Replication package

💡

This page provides instructions on executing the replication package to produce the final results in the paper.

Download

Download the replication package (20.1 GB) containing all unrestricted datasets employed in the study.

Notice that the Compustat dataset, which has restricted access, is not part of the replication package. Retrieve Compustat, rename it as “compustat_annual2.csv”, and transfer it to the "input_data" directory.

Environment setup

If you have installed both R and RStudio, begin by executing the “run_project.Rproj” file. The R project employs renv to guarantee the project's portability and reproducibility. Renv helps ensure that the environment (libraries and their versions) used in the project is consistent across different systems. If you encounter any issues while running the renv environment, try the following command:


renv::repair()

If you prefer to execute the project using the latest versions of the library rather than the ones employed by the author, deactivate the renv using “renv::deactivate()”.

Direct replication

Running the "07_tables_3_4_RUNALL.R" script alone will produce Tables 1, 3, and 4 along with Figures 1 through 5 under the folder “output”. To produce Table 5, execute the "08_table5_gmm.do".

Datasets

input_data/202208_OECD_PATENT_QUALITY_USPTO

OECD Patent Quality Indicators Database. Refer to the codebook and the OECD working paper located in the designated folder.

input_data/compustat

Wharton Research Data Services. It is a firm-level balance sheet dataset.

input_data/favotetal_2023

Favot et al. (2023). See the source file. IPC patent categories associated with the ENVTECH classification of climate change mitigation technologies.

input_data/koganetal_2017

Kogan et al. (2017). See the source file. Compustat gvkeys linked to patent identifiers to facilitate matching PatentsView patents with the firm-level dataset.

input_data/patentsView

PatentsView. “PatentsView is an award-winning visualization, data dissemination, and analysis platform that focuses on intellectual property (IP) data. Support for the site and the team that works on it comes from the Office of the Chief Economist at the U.S. Patent & Trademark Office (USPTO).”

Codes

00_setup.R

Sets up the environment by loading necessary libraries for data manipulation, visualization, and analysis.

01_build_patent_data.R

Cleans and curates patent data
Identifies green patents.
Associates patent assignee information with patents for further analysis.

02_build_firm_data.R

Imports and cleans Compustat data, filtering it for relevant years. It cleans industry codes and removes duplicates.
Calculates various financial ratios and metrics based on Compustat data such as valuation, investment, profitability, and financing.
Merges Compustat data with patent data, using Kogan et al. (2017)’s crosswalk to match patent and Compustat identifiers.

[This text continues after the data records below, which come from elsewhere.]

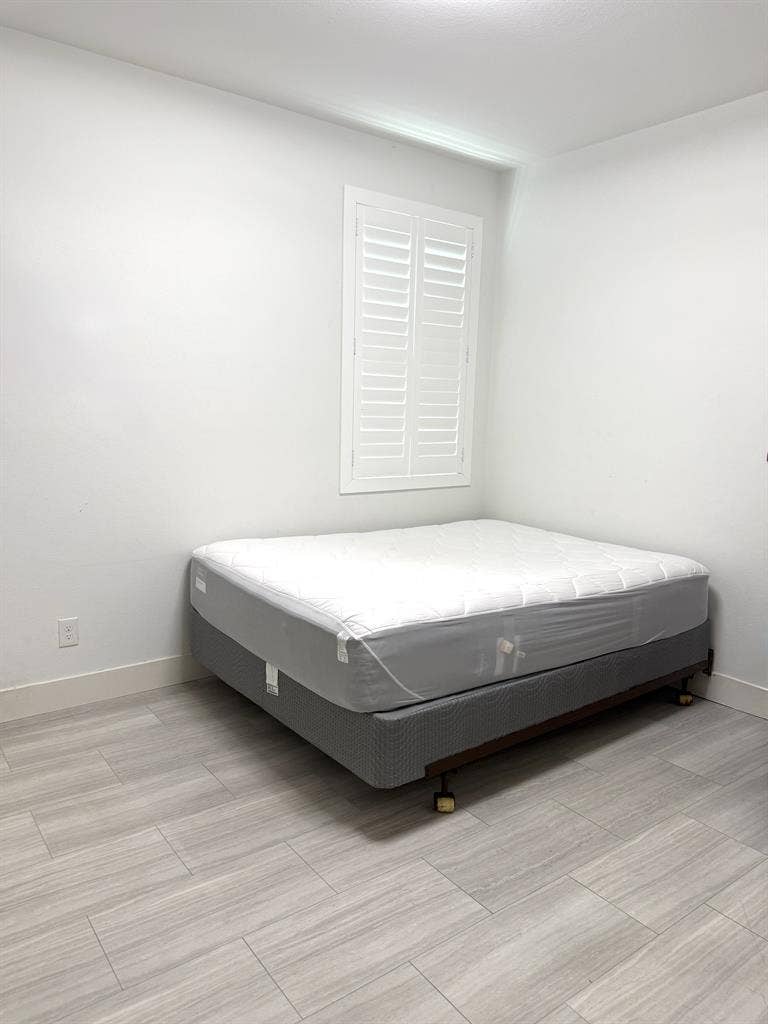 Female Tenants Spacious Clean Rooms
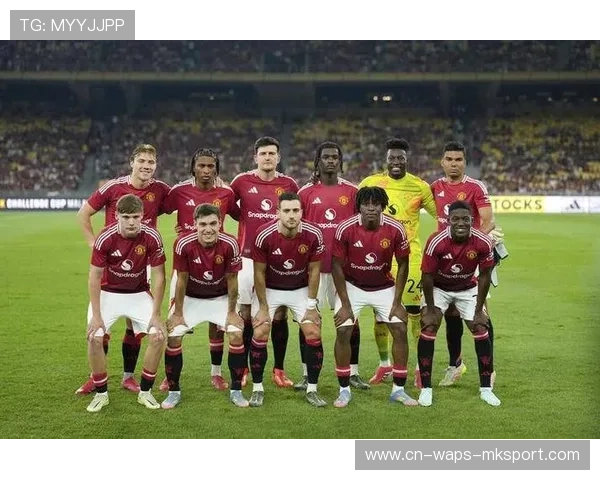 曼联对年轻球员的轮换策略引发讨论，曼联转入球员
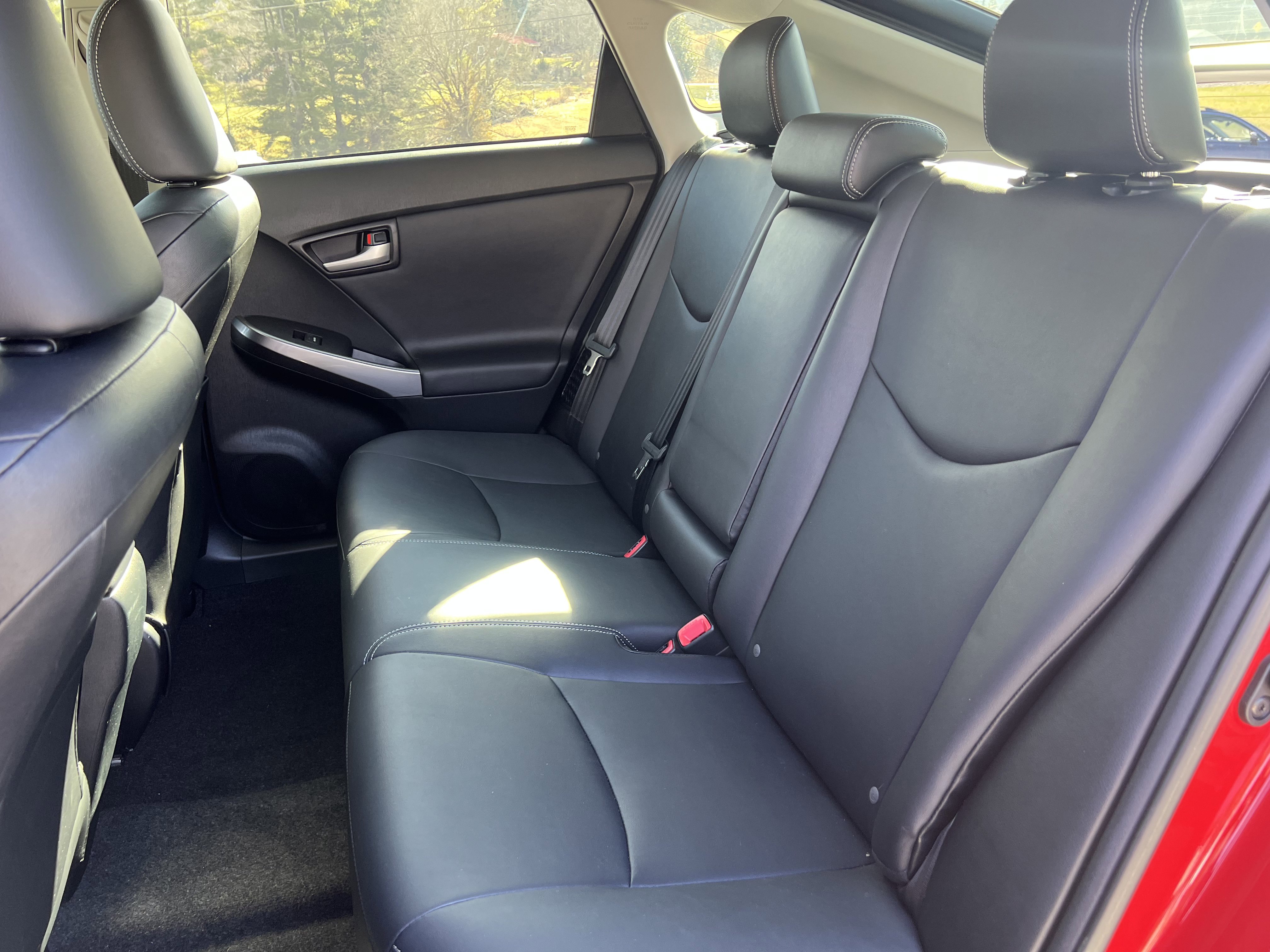 Used 2015 Toyota Prius Four image 11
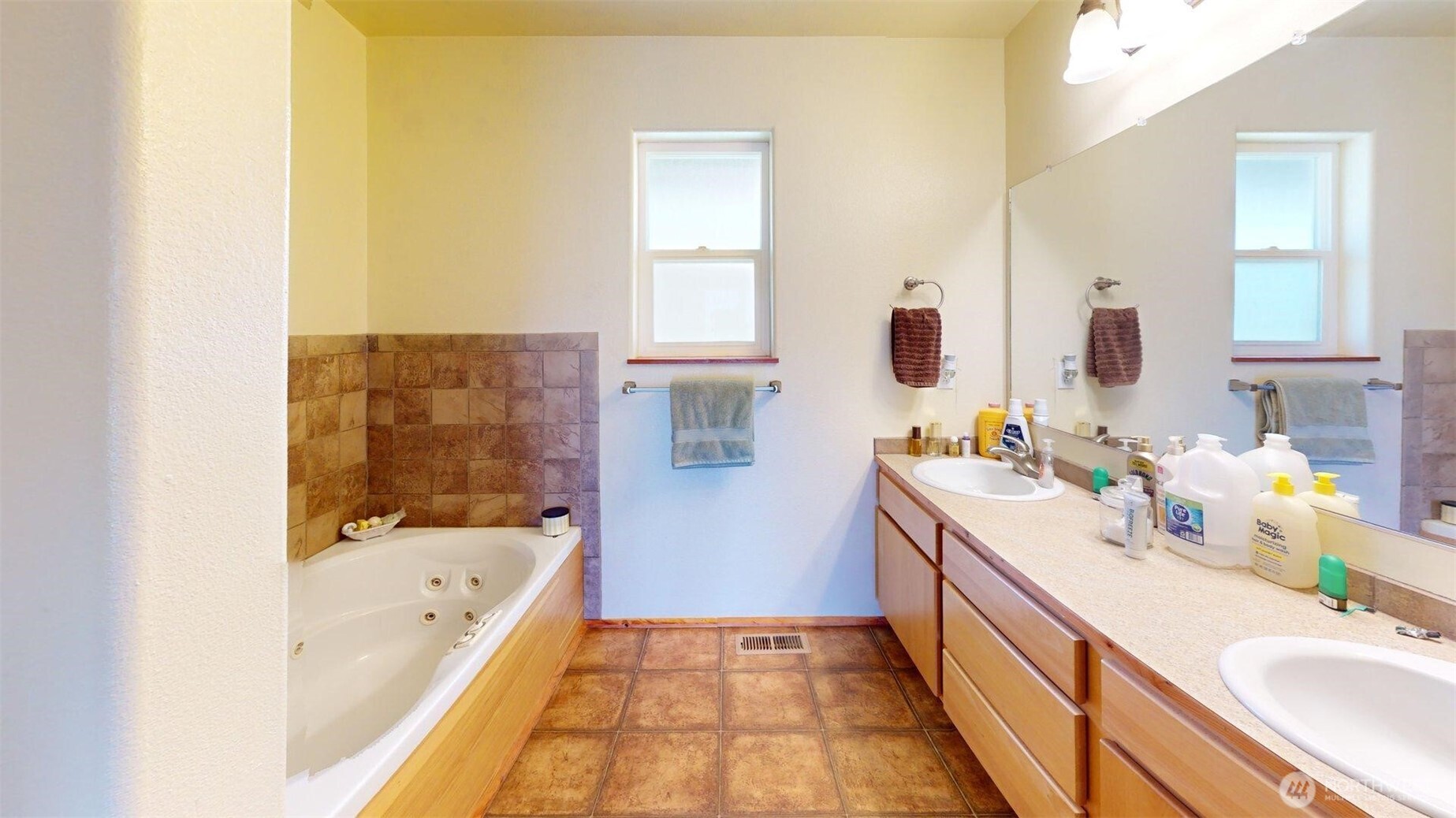 1811 Pine Creek , Tonasket, WA 98855
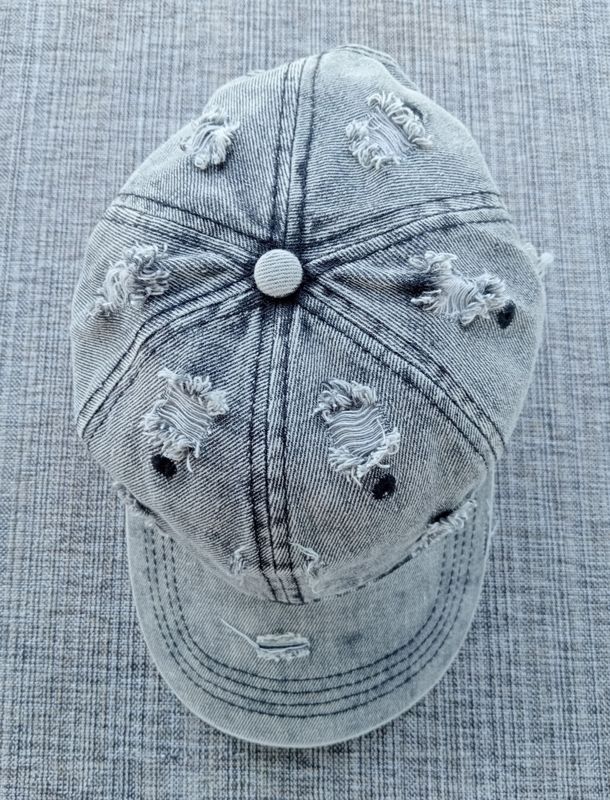 Une Casquette  en Jean's de Couleur "Noir Vieilli Déchiré" et sa Visière Noir Vieilli Déchiré Bombée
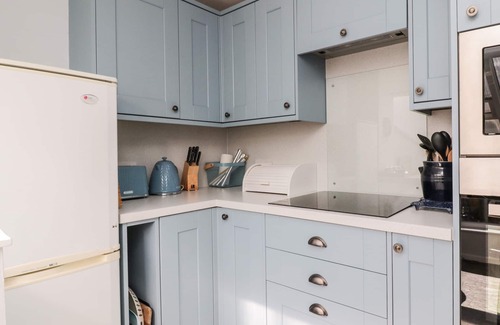 Beadnell Cottage | LYNDHURST COTTAGE, family friendly, with a garden in Beadnell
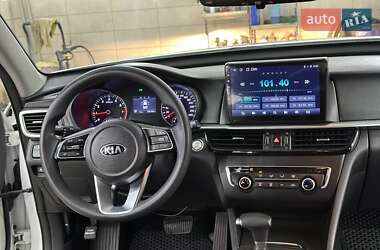Седан Kia K5 2018 в 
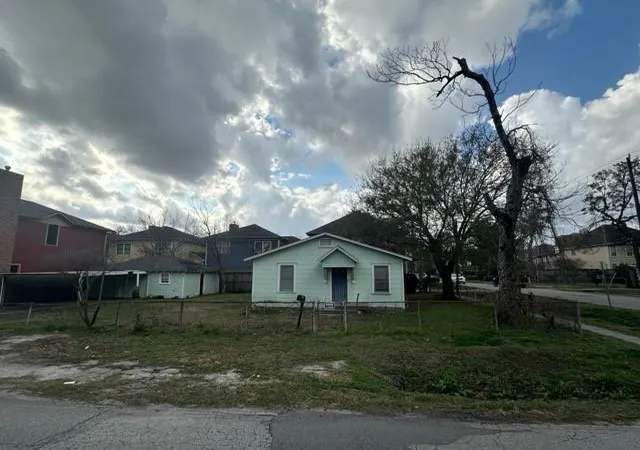 4th image of 2543 Bevis St, Houston, TX 77008 | MLS# 32856851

03_build_patent_quality_data

Integrates OECD quality data with existing patent data.

04_build_sample_table1

Generates the sample and descriptive statistics tables (Table 2).

05_figures_1_2_4_5.R

Generates several figures (1,2,4, and 5) related to the evolution of clean technology innovation and patent concentration.

06_figure3.R

Calculates the cumulative number of CCMT patents per firm for the years 2009 to 2020. Another set of calculations is done for the cumulative number of CCMT patents per firm for the years 1976 to 2008.The results are joined together and additional information about the firms is merged in (like organization name and Compustat status).
CCMT patents are filtered, and data are grouped by patent year. Quantile variables are created for various financial indicators such as sales, return on assets (ROA), cash flow, etc.The data are further categorized into periods and labeled accordingly.Quartiles are calculated for each financial indicator over different periods.The results are combined and reshaped to facilitate visualization.

07_tables_3_4_RUNALL.R

C a comprehensive econometric analysis of firm-level data to investigate the determinants of patenting activity. It covers cross-sectional, Poisson regression, and panel data models to capture different aspects of the data.

08_table5_gmm.do

Conducts a panel data analysis using the xtabond2 command to estimate dynamic panel data models with GMM.